Data excerpts ::
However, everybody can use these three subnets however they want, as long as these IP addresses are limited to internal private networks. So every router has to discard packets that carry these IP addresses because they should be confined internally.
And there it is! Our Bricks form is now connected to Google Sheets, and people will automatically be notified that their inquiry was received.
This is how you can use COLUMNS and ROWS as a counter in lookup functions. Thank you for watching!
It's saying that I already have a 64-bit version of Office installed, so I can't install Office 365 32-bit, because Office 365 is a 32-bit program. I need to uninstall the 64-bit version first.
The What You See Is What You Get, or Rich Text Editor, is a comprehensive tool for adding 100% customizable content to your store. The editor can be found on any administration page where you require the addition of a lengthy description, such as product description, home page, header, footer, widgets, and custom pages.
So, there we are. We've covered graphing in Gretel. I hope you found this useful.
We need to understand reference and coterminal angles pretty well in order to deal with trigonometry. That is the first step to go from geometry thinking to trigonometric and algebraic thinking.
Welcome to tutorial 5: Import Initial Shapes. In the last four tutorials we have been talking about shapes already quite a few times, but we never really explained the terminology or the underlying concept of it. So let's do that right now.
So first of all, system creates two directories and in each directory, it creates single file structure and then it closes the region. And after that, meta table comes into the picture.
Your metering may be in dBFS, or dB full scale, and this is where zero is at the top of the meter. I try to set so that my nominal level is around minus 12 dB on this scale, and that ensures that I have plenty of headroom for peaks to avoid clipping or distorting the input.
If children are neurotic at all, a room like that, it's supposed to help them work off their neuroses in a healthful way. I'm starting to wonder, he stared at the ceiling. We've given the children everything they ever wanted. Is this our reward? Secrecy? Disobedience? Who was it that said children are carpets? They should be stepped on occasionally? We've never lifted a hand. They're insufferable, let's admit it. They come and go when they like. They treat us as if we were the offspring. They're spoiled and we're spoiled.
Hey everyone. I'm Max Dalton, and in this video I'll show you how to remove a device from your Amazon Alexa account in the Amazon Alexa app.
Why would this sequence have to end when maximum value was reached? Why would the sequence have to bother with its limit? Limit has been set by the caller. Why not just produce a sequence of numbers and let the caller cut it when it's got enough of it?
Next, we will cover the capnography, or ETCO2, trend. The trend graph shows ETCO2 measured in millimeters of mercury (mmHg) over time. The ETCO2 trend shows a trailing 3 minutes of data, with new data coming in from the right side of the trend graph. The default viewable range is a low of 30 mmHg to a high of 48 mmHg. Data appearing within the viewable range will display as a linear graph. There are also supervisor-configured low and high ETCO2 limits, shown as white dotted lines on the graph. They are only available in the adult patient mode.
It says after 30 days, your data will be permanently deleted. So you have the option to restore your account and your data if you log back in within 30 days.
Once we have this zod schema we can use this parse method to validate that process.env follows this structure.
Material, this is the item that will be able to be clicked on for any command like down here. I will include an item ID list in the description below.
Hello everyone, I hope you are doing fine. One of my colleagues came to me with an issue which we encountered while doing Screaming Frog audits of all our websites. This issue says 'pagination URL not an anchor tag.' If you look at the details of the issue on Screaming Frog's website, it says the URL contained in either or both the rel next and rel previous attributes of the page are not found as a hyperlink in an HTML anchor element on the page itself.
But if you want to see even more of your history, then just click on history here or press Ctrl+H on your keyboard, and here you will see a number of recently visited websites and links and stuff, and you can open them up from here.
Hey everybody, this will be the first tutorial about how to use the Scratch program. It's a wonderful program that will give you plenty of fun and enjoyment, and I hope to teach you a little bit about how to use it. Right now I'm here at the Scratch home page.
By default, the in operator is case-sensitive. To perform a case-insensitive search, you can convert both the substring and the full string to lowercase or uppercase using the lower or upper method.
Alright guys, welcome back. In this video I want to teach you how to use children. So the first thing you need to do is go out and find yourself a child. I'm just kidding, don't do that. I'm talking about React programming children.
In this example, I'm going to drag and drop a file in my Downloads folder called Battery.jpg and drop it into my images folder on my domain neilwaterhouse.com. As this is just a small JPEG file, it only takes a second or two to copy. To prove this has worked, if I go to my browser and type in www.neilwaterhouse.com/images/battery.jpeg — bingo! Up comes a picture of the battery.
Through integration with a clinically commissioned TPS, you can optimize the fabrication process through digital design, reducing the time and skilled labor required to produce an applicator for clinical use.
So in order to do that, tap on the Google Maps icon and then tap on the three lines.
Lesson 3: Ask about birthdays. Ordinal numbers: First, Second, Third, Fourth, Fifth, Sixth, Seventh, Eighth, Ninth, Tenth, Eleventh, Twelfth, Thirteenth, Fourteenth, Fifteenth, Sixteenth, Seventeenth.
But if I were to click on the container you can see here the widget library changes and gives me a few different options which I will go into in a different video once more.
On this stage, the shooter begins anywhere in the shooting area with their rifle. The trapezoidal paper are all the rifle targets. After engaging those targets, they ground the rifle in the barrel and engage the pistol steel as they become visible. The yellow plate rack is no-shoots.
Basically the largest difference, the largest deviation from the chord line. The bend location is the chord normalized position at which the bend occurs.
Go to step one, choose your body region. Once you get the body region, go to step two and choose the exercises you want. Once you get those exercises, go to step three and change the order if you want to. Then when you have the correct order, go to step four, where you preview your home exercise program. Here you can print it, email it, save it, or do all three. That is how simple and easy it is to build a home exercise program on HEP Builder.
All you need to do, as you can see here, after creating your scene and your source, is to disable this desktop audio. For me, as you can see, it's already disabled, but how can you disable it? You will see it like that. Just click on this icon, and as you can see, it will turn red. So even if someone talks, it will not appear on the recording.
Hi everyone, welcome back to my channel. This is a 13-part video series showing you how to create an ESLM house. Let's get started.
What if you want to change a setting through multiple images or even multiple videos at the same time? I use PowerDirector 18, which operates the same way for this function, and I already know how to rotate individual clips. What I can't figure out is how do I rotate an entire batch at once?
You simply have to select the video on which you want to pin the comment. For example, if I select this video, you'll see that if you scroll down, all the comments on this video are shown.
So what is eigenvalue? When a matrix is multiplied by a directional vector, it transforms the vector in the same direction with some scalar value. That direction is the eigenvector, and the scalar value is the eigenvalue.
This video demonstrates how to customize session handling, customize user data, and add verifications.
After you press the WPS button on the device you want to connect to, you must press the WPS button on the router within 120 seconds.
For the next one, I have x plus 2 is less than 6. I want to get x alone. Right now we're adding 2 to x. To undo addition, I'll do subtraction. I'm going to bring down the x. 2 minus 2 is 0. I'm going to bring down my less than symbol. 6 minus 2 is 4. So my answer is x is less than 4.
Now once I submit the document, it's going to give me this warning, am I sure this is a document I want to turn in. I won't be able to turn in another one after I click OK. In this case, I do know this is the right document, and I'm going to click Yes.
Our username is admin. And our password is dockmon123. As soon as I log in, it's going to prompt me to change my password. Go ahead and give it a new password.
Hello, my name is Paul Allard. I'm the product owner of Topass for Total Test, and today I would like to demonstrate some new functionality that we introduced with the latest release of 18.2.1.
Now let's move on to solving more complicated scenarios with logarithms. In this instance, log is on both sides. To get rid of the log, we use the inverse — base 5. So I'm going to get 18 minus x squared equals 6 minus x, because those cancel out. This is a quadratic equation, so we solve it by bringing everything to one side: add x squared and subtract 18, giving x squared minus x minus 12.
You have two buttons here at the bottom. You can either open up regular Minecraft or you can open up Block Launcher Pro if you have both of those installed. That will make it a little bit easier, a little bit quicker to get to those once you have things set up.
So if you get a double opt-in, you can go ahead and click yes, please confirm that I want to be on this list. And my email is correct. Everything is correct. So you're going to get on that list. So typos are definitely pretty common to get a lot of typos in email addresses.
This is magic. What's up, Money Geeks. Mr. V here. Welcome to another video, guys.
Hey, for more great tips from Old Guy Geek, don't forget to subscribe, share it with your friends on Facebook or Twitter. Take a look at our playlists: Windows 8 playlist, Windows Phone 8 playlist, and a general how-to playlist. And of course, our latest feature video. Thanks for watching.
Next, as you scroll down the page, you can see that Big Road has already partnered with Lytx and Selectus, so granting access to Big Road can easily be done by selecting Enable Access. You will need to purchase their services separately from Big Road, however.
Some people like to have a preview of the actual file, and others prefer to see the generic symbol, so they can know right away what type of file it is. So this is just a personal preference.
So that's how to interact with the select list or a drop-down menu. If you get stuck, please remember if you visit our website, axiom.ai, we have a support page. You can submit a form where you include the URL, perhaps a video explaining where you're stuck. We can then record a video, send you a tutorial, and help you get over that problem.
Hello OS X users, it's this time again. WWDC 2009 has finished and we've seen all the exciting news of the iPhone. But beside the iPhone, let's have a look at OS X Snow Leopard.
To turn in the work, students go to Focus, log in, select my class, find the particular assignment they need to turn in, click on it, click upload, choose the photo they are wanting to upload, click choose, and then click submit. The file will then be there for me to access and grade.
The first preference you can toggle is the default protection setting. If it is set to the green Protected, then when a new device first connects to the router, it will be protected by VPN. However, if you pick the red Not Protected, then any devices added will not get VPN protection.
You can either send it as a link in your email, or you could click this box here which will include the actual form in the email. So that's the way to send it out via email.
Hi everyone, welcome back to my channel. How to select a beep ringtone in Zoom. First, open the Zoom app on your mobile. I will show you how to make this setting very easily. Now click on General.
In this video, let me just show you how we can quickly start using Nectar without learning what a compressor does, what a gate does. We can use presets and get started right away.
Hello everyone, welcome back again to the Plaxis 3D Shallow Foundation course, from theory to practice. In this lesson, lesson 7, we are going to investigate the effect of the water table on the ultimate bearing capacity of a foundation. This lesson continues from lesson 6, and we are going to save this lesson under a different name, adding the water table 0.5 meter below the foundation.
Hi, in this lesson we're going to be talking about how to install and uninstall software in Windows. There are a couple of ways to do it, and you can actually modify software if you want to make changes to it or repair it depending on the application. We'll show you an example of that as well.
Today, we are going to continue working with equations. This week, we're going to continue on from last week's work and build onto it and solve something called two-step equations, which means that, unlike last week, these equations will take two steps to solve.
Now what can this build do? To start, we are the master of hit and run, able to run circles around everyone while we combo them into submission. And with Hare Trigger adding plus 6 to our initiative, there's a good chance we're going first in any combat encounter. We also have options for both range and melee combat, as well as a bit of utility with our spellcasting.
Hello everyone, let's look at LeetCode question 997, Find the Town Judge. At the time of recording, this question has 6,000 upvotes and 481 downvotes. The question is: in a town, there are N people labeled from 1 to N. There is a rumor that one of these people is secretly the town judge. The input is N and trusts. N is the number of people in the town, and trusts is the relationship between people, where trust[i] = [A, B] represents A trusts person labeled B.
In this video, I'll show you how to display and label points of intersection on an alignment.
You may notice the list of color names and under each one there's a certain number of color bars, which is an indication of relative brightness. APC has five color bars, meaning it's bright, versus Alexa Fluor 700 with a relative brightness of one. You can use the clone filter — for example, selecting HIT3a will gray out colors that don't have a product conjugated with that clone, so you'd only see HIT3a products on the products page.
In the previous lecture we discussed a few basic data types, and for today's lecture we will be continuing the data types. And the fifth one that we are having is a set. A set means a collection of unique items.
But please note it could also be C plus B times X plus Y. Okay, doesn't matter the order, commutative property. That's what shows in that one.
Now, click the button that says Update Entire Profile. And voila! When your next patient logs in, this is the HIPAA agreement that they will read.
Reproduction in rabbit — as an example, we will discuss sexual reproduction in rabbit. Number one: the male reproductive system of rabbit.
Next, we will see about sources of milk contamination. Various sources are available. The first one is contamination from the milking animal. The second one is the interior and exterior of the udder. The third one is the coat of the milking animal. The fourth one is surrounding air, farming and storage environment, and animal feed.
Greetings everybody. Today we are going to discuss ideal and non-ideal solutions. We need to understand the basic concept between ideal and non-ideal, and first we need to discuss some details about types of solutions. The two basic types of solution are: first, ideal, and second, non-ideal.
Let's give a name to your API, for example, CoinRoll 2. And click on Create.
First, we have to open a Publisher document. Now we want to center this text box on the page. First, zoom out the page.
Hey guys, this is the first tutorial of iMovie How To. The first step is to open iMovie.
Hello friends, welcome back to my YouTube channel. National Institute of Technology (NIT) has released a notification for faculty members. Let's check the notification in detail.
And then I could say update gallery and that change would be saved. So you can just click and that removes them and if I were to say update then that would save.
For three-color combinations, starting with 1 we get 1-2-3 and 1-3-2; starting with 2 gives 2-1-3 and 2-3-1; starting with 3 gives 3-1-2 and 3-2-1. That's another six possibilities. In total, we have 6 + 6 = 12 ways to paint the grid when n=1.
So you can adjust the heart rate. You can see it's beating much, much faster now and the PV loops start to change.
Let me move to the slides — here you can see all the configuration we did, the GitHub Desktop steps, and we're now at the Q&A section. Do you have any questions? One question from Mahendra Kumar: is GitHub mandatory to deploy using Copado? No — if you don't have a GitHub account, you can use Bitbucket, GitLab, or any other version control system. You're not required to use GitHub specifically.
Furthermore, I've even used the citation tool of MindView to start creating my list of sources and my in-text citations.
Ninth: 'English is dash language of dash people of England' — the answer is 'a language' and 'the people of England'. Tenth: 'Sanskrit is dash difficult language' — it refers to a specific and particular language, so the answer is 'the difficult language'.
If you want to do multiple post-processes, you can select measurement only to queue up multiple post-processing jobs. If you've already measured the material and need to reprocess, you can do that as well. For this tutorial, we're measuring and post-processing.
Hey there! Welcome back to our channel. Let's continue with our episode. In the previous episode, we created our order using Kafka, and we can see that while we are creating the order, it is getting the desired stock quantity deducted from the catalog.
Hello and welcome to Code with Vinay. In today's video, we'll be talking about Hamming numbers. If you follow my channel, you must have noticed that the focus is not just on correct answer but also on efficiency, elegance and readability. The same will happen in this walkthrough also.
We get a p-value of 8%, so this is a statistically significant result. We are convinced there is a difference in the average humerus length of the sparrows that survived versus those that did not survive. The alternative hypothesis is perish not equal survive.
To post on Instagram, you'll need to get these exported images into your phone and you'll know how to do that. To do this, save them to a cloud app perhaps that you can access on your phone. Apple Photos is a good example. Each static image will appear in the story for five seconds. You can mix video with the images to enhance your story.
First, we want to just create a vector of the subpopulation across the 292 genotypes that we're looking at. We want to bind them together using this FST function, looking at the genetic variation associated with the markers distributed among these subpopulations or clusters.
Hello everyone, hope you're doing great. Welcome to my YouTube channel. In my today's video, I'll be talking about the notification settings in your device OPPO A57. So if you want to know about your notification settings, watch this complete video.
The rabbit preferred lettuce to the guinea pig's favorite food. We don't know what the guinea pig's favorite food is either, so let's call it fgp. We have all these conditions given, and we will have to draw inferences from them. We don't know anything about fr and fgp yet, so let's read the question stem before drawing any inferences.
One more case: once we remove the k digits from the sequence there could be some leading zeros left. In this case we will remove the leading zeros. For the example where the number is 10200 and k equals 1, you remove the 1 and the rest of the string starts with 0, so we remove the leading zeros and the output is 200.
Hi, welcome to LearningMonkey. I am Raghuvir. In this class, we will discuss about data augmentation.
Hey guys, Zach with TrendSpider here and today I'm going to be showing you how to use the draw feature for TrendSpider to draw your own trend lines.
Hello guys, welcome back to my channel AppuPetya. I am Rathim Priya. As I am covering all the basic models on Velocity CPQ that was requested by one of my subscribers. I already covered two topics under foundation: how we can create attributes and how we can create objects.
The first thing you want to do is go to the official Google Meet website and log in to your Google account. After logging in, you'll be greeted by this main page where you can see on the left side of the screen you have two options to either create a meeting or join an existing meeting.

Task objective ::
Take exactly the lines from the one containing "The rabbit preferred" through the one containing "Hey guys, Zach" in the data above, and output them with nothing added.

Exercise result ::
The rabbit preferred lettuce to the guinea pig's favorite food. We don't know what the guinea pig's favorite food is either, so let's call it fgp. We have all these conditions given, and we will have to draw inferences from them. We don't know anything about fr and fgp yet, so let's read the question stem before drawing any inferences.
One more case: once we remove the k digits from the sequence there could be some leading zeros left. In this case we will remove the leading zeros. For the example where the number is 10200 and k equals 1, you remove the 1 and the rest of the string starts with 0, so we remove the leading zeros and the output is 200.
Hi, welcome to LearningMonkey. I am Raghuvir. In this class, we will discuss about data augmentation.
Hey guys, Zach with TrendSpider here and today I'm going to be showing you how to use the draw feature for TrendSpider to draw your own trend lines.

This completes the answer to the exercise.